If you’re thinking about starting a business, this may be your first foray into the exciting world of entrepreneurship, and may undoubtedly have many questions regarding which type of business you should form and the steps required for each. Keep in mind that every type of business has its own advantages and disadvantages. And by ensuring that you file for the correct business type and are knowledgeable about how to keep the business running, you can prevent the risk of bankruptcy. However, if at some point in your business career you do encounter financial difficulty, bankruptcy can be a great resource.
A sole proprietorship is the simplest type of business you can form. Since you will be the only owner of the business, you and it, for all practical purposes, are one and the same. Consequently, all you need do is choose a business name and start finding customers. For security purposes, however, you may wish to obtain an Employment Identity Number (EIN) from the Internal Revenue Service. This way, you won’t have to use your Social Security number to identify your business when you send out invoices.
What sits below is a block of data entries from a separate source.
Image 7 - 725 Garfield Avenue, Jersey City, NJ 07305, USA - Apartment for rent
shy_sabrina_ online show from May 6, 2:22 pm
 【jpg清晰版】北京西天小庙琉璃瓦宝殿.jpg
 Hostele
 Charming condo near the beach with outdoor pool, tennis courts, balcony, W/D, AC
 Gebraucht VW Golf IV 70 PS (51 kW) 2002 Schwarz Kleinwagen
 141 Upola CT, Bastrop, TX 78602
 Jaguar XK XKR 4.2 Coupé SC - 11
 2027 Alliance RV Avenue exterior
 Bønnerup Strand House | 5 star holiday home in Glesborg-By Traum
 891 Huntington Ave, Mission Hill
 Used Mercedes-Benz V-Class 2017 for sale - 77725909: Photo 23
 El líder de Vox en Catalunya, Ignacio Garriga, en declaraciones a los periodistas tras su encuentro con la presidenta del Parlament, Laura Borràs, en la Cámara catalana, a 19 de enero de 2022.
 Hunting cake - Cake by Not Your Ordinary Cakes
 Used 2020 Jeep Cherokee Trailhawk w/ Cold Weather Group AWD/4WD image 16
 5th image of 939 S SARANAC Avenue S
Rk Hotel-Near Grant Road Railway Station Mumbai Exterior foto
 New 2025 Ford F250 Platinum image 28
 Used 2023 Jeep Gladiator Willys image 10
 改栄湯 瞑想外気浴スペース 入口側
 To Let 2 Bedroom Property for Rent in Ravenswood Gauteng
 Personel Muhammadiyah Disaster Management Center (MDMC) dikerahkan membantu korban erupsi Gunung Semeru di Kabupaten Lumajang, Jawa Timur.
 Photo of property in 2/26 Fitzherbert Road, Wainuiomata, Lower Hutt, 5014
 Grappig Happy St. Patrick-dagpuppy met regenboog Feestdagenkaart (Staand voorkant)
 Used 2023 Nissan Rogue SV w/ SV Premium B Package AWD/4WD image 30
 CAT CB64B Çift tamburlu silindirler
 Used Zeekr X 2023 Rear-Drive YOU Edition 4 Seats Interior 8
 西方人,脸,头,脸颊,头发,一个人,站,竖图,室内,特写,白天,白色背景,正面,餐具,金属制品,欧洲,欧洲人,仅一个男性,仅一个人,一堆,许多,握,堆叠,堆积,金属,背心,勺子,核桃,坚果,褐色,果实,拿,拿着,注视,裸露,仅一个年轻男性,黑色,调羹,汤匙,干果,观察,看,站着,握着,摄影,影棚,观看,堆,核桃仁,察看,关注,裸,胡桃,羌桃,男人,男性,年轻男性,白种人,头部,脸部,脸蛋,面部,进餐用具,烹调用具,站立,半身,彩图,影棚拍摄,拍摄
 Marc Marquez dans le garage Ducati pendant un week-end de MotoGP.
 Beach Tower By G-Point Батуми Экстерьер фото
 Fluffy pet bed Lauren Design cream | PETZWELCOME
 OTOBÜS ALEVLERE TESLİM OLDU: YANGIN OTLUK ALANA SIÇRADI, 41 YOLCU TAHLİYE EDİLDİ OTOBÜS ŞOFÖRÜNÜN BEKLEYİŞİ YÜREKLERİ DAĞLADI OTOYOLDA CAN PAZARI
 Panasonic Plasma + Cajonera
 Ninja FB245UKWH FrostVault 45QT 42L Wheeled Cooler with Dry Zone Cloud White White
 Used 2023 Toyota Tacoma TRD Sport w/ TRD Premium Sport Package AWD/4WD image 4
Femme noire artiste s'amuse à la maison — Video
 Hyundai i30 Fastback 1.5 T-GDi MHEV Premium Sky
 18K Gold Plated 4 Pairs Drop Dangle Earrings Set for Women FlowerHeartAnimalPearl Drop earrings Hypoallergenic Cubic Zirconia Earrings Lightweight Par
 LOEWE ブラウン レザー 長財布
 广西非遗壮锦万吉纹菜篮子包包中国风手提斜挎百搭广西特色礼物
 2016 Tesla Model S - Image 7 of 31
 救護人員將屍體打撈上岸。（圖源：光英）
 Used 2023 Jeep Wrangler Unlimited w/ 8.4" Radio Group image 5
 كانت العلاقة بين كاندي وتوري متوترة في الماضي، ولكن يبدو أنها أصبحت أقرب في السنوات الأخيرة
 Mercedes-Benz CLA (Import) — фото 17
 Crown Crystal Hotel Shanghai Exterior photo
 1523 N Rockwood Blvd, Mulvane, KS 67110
If you intend to go into business with someone else, you may wish to consider forming a partnership. If It is strongly advised that you draw up the partnership agreement and have all parties sign it so that the following can be set forth:
- What assets each partner brings to the partnership
- What percentage of the partnership each partner will own
- How the partnership’s profits and losses will be distributed between or among the partners
- How long the partnership will last
- What happens in the event of bankruptcy
- The type and amount of authority each partner will have
- How and by whom business decisions will be made
- How disputes will be resolved
- How a partner’s death or withdrawal will be handled
Establishing a corporation is more complicated than establishing a sole proprietorship or a partnership. First you will need to choose a corporate name that complies with your state’s corporate name requirements and conventions. Then you will need to decide which type of corporation you want to form. In general, your choices consist of the following:
- C corporation, i.e., “regular” corporation, that pays its own income taxes
- S corporation that passes through its profits, losses, deductions and credits to its shareholders
- LLC, i.e., Limited Liability Company, that’s a hybrid between a corporation and a partnership, offering many of the advantages of each
- Nonprofit corporation if you intend to use your business’s excess profits to benefit the organization rather than distributing them as additional dividends
You will then need to draft your articles of incorporation and bylaws to file with the business division of your secretary of state’s office. You’ll also need to purchase an official corporate seal. As a bankruptcy lawyer from The Law Offices of Ronald I. Chorches suggests, as you continue to build your business, always keep financial documents organized and in a safe place. So if you find yourself needing to access these for one reason or another, such as for tax purposes or filing for bankruptcy, they will be readily available.